Nouveau gouvernement de RDC : Tout change pour que  rien ne change !

Nouveau gouvernement de RDC : Tout change pour que  rien ne change !

Enfin, le couple Tshisekedi-Kabila a tourné manege en RD Congo 7 mois après que le premier  ait ceint l’impérium! L’accouchement fut à n’en point douter par césarienne, donc dans la douleur car le «travail» a duré 7 mois, avec des cerclages à n’en pas finir qui ont pour nom conciliabules Tshisekedi-Kabila, tamis et arbitrage en coulisses ce qui a fini par extirper au forceps des entrailles du FCC-CACH, les 65 ministres qui auront la lourde charge de gérer les affaires de l’ex-Zaïre.

Le deal concocté fin juillet entre les pro-Kabila et pro-Tshisekedi aura tenu ses promesses et hier à potron Jaquet c’est-à-dire au petit matin, les heureux conviés à la table du conseil des ministres sont désormais connus.

Le FCC, naturellement se taille quantitativement et qualitativement la part du roi de l’exubérante forêt congolaise : 42 strapontins ministériels dont les emblématiques et stratégiques ministères de la Défense, et de la justice ainsi que celui de la Décentralisation et des affaires humanitaires.

Et malgré que ce conglomérat dual FCC-CACH s’est parlé cash, la plate-forme pro-Tshisekedi hérite de 23 maroquins de moindre importance.

A vue d’œil, la rupture affleure et comme l’a annoncé goguenard le premier ministre Sylvestre Ilunga, près de 77% du gouvernement est constitué de nouveaux visages. C’est en apparence une mue, car en lieu et place des indéboulonnables caciques kabilistes fossilisés par 18 ans de règne, on a d’autres identités aux ministères, mais majoritairement de la galaxie Kabila, ce qui confine à un changement de personnages, mais avec toujours le même théâtre d’ombres au bord du fleuve Congo.

Car que peuvent faire ces 65 ministres, cette équipe éléphantesque pour sortir la RD Congo de l’ornière ?

Pas grand-chose, car il faut vraiment une dose d’optimisme pour croire que ces technocrates qui seront cornaqués par le couple Tshisekedi-Kabila auront vraiment des marges de manœuvre pour agir librement.
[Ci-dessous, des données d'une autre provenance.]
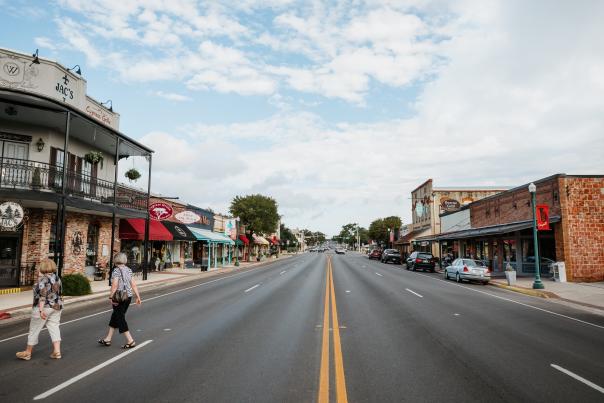 Two older women crossing the street in a small town mainstreet lined with boutiques.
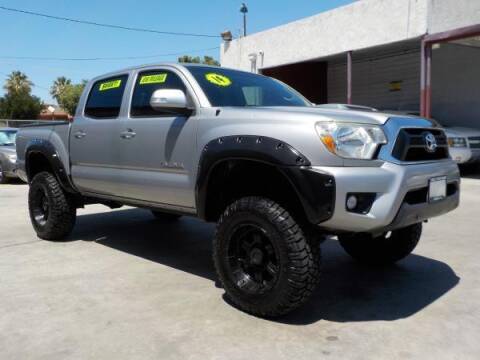 2014 Toyota Tacoma for sale at Bell's Auto Sales in Corona CA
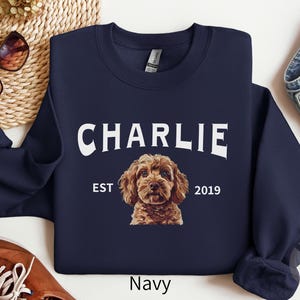 May include: Navy blue sweatshirt with a white graphic of a dog with the text "CHARLIE EST 2019".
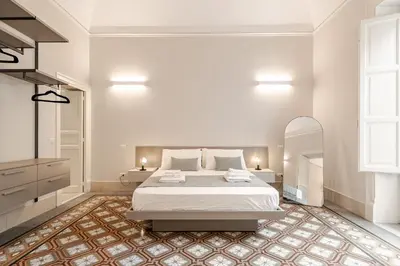 a white bedroom with a bed and a mirror at Zahir Suite Apartment in Palermo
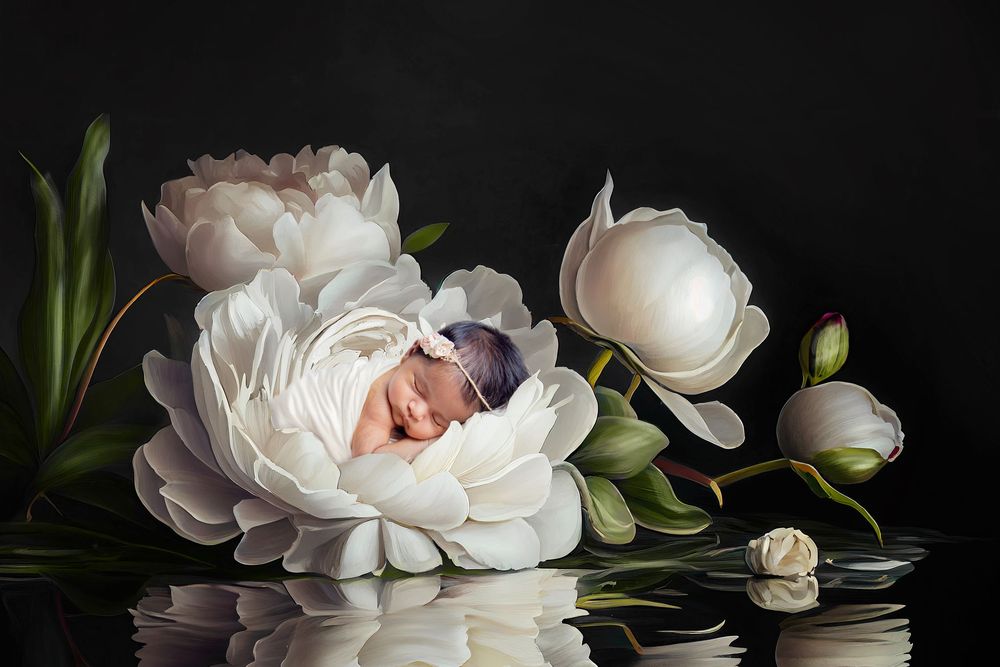 stunning baby girl in sleeping in a flowers scene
En clair, non seulement la loi du nombre l’emporte, et celle de la représentativité politique aussi tous penchant du côté de la plate-forme FCC, réduisant l’action des ministres du CACH. Et même les ministres du FCC sont là pour le décorum car les seules actions qu’ils pourront effectuer, ne peuvent qu’avoir l’imprimatur du président sorti, mais oh combien ombrageux sur le landerneau politique : Kabila !

Par exemple, le grand argentier José Selé Yalaghuli, pourra-t-il jouer au Colbert congolais sans empiéter sur des affaires de ses patrons et maîtres, tels l’ex-PM Matata Ponyo ou Kabila en personne ?

A contrario, l’occupant du portefeuille de l’intérieur, le très tshisékediste Gilbert Malamba, aura-t-il les mains libres pour régenter en 1er flic un pays où la moindre étincelle met le feu au poudre ?

Tshisekedi-Kabila dessineront et les 65 ministres seront chargés de colorier bien.

Ainsi en sera-t-il de  la lutte contre la misère quotidienne des Congolais, en passant par l’éradication de la fièvre Ebola jusqu’à la pacification des guerres vipérines entre les différentes rebellions, dans le Nord comme le Sud-Kivu, les chantiers et les priorités de ce pays de 2,5 millions de kilomètres carrés étant aussi hauts que le Mont Stanley.

Or, cette équipe n’a ni droit à un quelconque état de grâce, ni à l’erreur, malgré l’inexpérience des 2/3 des ministres.

Et hélas, encore une fois, «la gâchette de l’Afrique» selon les mots de Frantz Fanon pourrait cracher le pire. C’est pourtant tout le contraire qu’on souhaite au peuple congolais, souffre-douleur des politiciens depuis plus de 5 décennies.